- **INFORMATION PROVIDED**:

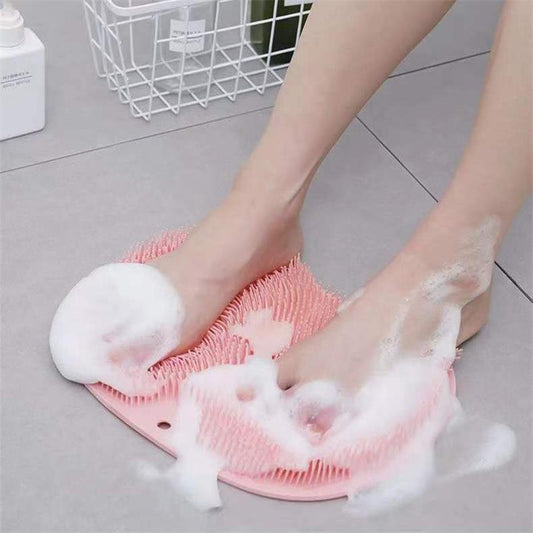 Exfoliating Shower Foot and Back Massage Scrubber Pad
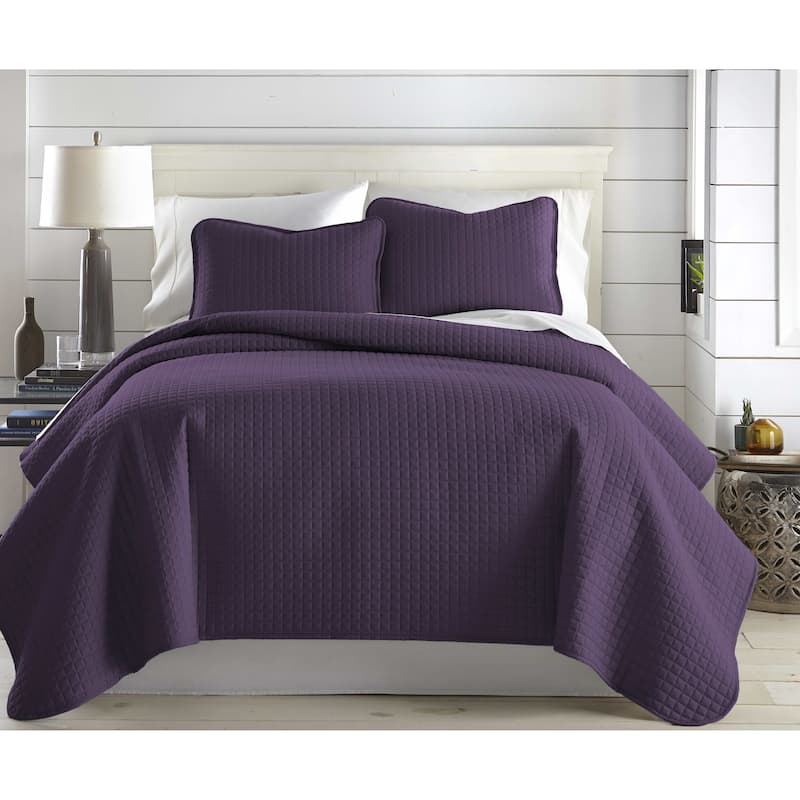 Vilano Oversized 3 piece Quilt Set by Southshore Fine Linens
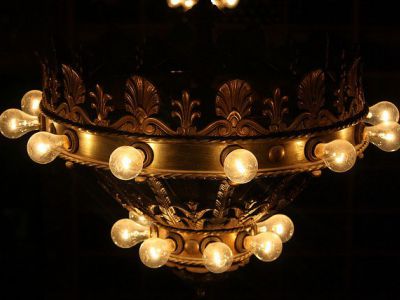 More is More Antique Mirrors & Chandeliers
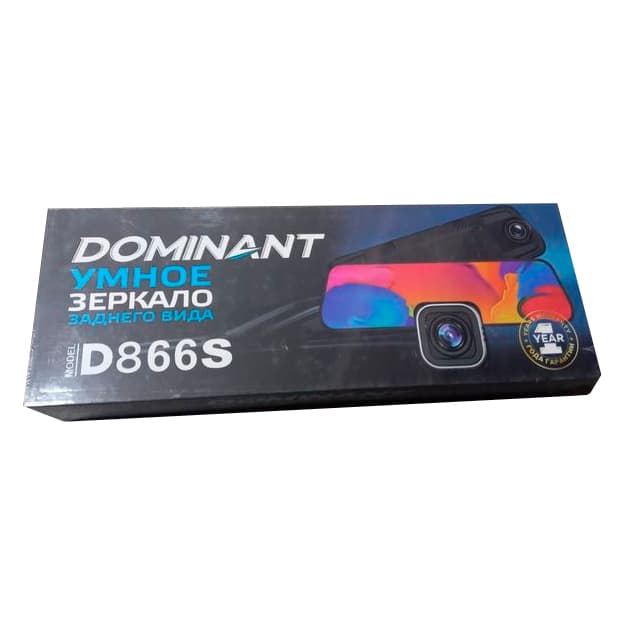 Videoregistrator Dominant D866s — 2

- **WHAT YOU ARE ASKED TO DO**: The data is to be restated word for word, with any pictures set aside.

- **YOUR SOLUTION**:
 Exfoliating Shower Foot and Back Massage Scrubber Pad
 Vilano Oversized 3 piece Quilt Set by Southshore Fine Linens
 More is More Antique Mirrors & Chandeliers
 Videoregistrator Dominant D866s — 2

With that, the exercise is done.